Why KKR–Singtel acquisition of STT GDC signals a new phase in global AI data centre race

Global investment firm KKR and Singtel’s move to acquire the remaining 82% stake in ST Telemedia Global Data Centres (STT GDC) for S$6.6 billion (US$5.1 billion) is more than a straightforward ownership reshuffle. The deal, which values the data centre platform at an implied enterprise value of S$13.8 billion (US$10.9 billion), underscores how hyperscale data infrastructure has become a core strategic asset in the AI and cloud era and how capital intensity is reshaping who controls it.

Under the agreement, funds managed by KKR and Singtel will take full control from founding shareholder ST Telemedia, with KKR holding 75% and Singtel 25% after conversion of preference shares. The consortium had already invested S$1.75 billion in 2024 through preference shares and warrants in what was described as Southeast Asia’s largest digital infrastructure investment that year. Since then, STT GDC’s pipeline has expanded from 1.4GW to over 1.7GW, reflecting surging demand tied to AI training, inference, and cloud expansion.

The significance of the deal rests on three structural shifts:

First, it highlights the scale of capital now required to compete in AI-grade data centre infrastructure. STT GDC operates across 12 major markets in Asia Pacific, the UK and Europe, with 2.3GW of design capacity. AI workloads, especially large model training and high-density compute clusters, are driving power, cooling, land, and network requirements far beyond traditional enterprise colocation. By exiting majority ownership, ST Telemedia is effectively signaling that the next growth phase demands deeper and more specialized capital pools.

Second, the transaction reinforces private capital’s conviction in long-term data centre demand despite market cycles. With KKR taking the dominant stake, the deal shows that global infrastructure investors still view digital infrastructure, particularly AI-linked capacity, as a durable, long-horizon asset class. Even amid concerns about overbuild risks in some regions, large funds continue to back platforms with geographic diversity, committed pipelines, and enterprise and hyperscaler customer bases.

Third, the acquisition strengthens Singtel’s strategic pivot toward digital infrastructure as a growth engine. Beyond connectivity, major telcos are repositioning themselves around data centres, subsea cables, edge platforms, and cloud-adjacent services. Increasing its effective exposure to a global colocation platform gives Singtel greater leverage in cross-border enterprise, cloud, and AI ecosystems, while pairing it more tightly with a deep-pocketed financial partner that can co-fund expansion.

The pipeline growth from 1.4GW to 1.7GW in roughly a year also illustrates how quickly demand forecasts are being revised upward. AI adoption is not only increasing total compute demand but also shifting requirements toward higher-density, lower-latency, and network-rich facilities — favoring large, multi-market operators that can standardize builds and secure power at scale.

In effect, the STT GDC transaction reflects a broader consolidation pattern: operational specialists build platforms, strategic investors scale them, and financial infrastructure giants fund the next wave. As AI and cloud workloads accelerate, ownership of data centre platforms is concentrating in the hands of those able to commit billions — and to keep committing.

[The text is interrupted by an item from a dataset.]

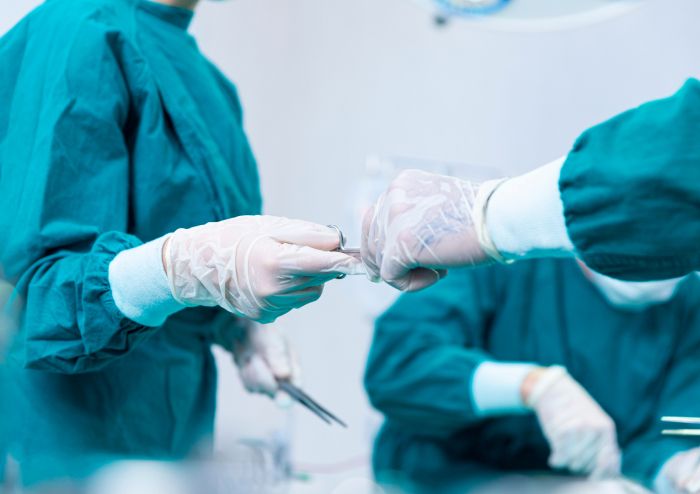 Zwei Menschen im OP übergeben sich etwas mit den Händen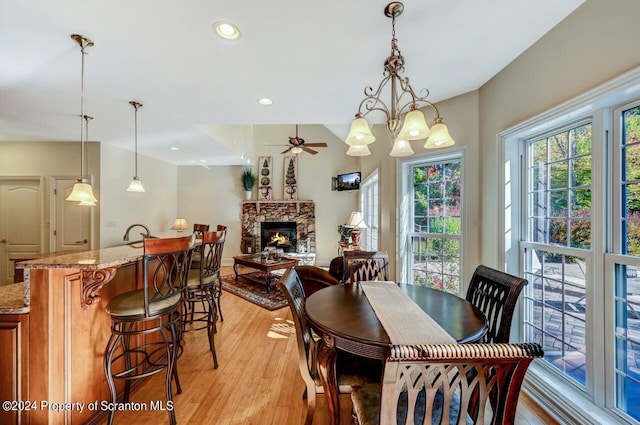 dining space featuring a fireplace, ceiling fan with notable chandelier, and light hardwood / wood-style flooring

The transaction is also strategically important on multiple fronts. For Singtel, it reinforces a clear pivot toward scaling digital infrastructure as a core growth engine. For KKR — which is contributing the majority of the capital — it underlines continued investor conviction in the long-term fundamentals of the data centre sector. For ST Telemedia, the divestment highlights how capital intensity in the data centre market has risen sharply, with future growth increasingly dependent on access to deep funding pools and specialist infrastructure investors.

The broader direction is clear: data centre demand continues to accelerate, driven by AI, cloud, and high-density workloads, and competition for scaled assets is intensifying. Expansion at this level is now largely limited to players with substantial balance sheets or strong capital partners.

“As the data centre sector has fundamentally shifted, its exponential trajectory now requires a different scale of capital and specialised focus for STT GDC’s next exciting phase of continued growth. As a long-term, strategic shareholder, we have steadfastly supported STT GDC’s development and transformation. This transaction demonstrates our strategic stewardship while ensuring STT GDC’s ongoing sustainable growth with an optimal partner. Finally, we extend our deep gratitude to the STT GDC management and staff for their outstanding execution and dedication over the past 12 years,” said Stephen Miller, President & Group CEO of ST Telemedia.

“This acquisition is a significant step towards scaling our new growth engine in digital infrastructure as mapped out in our Singtel28 growth plan. STT GDC’s diverse geographical footprint increases our exposure to new markets and makes the Singtel Group a stronger data centre player with global reach. When added to our portfolio of data centre assets that includes Nxera in which KKR is also a capital partner, it meaningfully changes the business complexion of the Group while creating new opportunities for capital optimisation and growth,” said Arthur Lang, Group Chief Financial Officer at Singtel.